Data extract:
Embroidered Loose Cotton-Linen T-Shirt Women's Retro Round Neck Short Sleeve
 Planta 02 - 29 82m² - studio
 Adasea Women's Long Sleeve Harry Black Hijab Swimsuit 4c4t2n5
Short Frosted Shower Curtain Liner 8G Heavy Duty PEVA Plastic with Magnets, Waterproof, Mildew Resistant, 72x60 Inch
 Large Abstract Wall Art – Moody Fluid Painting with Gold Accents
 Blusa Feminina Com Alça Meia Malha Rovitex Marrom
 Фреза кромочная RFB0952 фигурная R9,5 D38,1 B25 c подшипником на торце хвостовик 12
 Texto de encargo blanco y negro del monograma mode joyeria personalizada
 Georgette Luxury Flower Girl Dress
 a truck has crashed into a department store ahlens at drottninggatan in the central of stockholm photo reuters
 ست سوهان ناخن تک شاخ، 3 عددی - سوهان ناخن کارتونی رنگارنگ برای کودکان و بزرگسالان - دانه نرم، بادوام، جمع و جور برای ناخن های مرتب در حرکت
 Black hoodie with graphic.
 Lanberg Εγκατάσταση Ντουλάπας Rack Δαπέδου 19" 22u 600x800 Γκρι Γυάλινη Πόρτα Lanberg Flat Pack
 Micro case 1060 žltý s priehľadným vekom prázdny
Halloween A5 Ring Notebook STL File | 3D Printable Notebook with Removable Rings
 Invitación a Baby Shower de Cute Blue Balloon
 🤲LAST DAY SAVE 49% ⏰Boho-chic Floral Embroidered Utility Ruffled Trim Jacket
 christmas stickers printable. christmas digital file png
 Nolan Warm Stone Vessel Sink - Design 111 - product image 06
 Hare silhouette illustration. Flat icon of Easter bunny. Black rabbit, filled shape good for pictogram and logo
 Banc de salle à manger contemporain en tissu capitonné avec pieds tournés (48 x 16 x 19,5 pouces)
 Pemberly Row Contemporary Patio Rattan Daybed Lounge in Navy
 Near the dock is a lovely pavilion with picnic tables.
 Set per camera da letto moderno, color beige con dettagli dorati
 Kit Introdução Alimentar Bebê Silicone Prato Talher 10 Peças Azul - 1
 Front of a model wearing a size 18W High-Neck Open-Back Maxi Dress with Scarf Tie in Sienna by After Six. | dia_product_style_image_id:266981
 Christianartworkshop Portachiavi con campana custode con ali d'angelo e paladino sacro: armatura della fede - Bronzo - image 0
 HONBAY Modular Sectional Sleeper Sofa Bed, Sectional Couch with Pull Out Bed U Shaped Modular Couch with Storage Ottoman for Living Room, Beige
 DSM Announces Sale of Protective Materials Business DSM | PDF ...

What this task involves:
In the listing above, find the line with "Black hoodie with graphic." and the line with "christmas stickers printable."; set down exactly those two lines and every line between them, nothing more.

Output for this exercise:
 Black hoodie with graphic.
 Lanberg Εγκατάσταση Ντουλάπας Rack Δαπέδου 19" 22u 600x800 Γκρι Γυάλινη Πόρτα Lanberg Flat Pack
 Micro case 1060 žltý s priehľadným vekom prázdny
Halloween A5 Ring Notebook STL File | 3D Printable Notebook with Removable Rings
 Invitación a Baby Shower de Cute Blue Balloon
 🤲LAST DAY SAVE 49% ⏰Boho-chic Floral Embroidered Utility Ruffled Trim Jacket
 christmas stickers printable. christmas digital file png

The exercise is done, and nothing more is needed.